I took a closer look at the screen of the computer Sam Flynn finds in Tron: Legacy that soon sends him to this grid place. It looks to be identifying itself as a system based on an Intel 386 processor running SunOS 4.0.1. Evidently this is one of Sun’s old Sun386i computers. This is consistent with the 1989 time frame; such systems were available in 1988. It also seems that security was configured to be somewhat lacking. Why would someone make a user account called “backdoor”?

Kevin Flynn appears to be a user of vi, one of the two text editors that have inspired an almost religious devotion. The other is emacs. One of the files previously edited is called last_will_and_testament.txt in Kevin’s home directory. Was he already worried about Clu, or about the health effects of going in and out of the computer?

I think the Sun386i computer was not the one running that grid setup where the Flynn’s existed for a time. The environment depicted is very intricate and detailed with plenty of the program-processes all running at once. (Tron fiction combines programs and processes into a single entity it calls a program.) Some of those program-processes have very complex behavior, and that may require a good sized program with plenty of data. I doubt it could all fit into 16MB of RAM, which is the most a Sun386i can take.

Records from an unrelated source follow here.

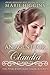 An Agent for Claudia (The Pinkerton Matchmaker Book 27) by Marie Higgins, Virginia McKevitt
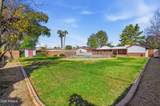 3223 Weldon Avenue - Photo 47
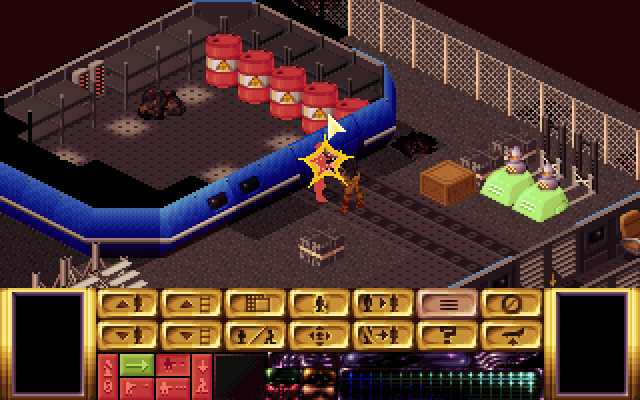 screen233.png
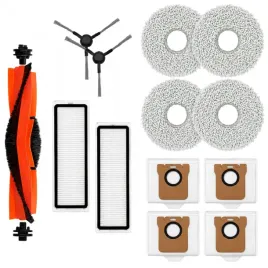 szczotki-filtry-mopy-worki-do-xiaomi-mi-robot-vacuum-x20-x10-plus-s10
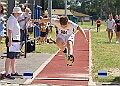 20260628 FUNETICSJUKL00333A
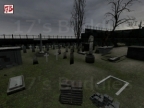 FY_CC_TWIL_MTLGY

Further, the Sun386i was connected to a network, or the filmmakers made a mistake. Inside a partly obstructed terminal window is what appears to be output from the command top running on a modern Linux or similar system. Solaris, the successor to SunOS, has a different command, prstat, that it seems does the same sort of thing as top, but with a different formatting of the data. SunOS may have had prstat as well, but I don’t recall; I last used a SunOS/Solaris system over ten years ago.

The output of top shows a process called Xorg, which is very similar to X.Org, the name of a common X server. An X server runs the basic parts of a graphical console on most Unix-like systems. X client programs send commands to the server to draw things on the screen, and the server sends the clients user input. SunOS 4.0.1 has an X server, but it wasn’t X.Org. X.Org is a modern X server that was first released in 2004. I doubt anyone has bothered to port it to an old Sun system from 1988 that is mostly forgotten now. There are other processes on the list, like hald, that also suggest modern software.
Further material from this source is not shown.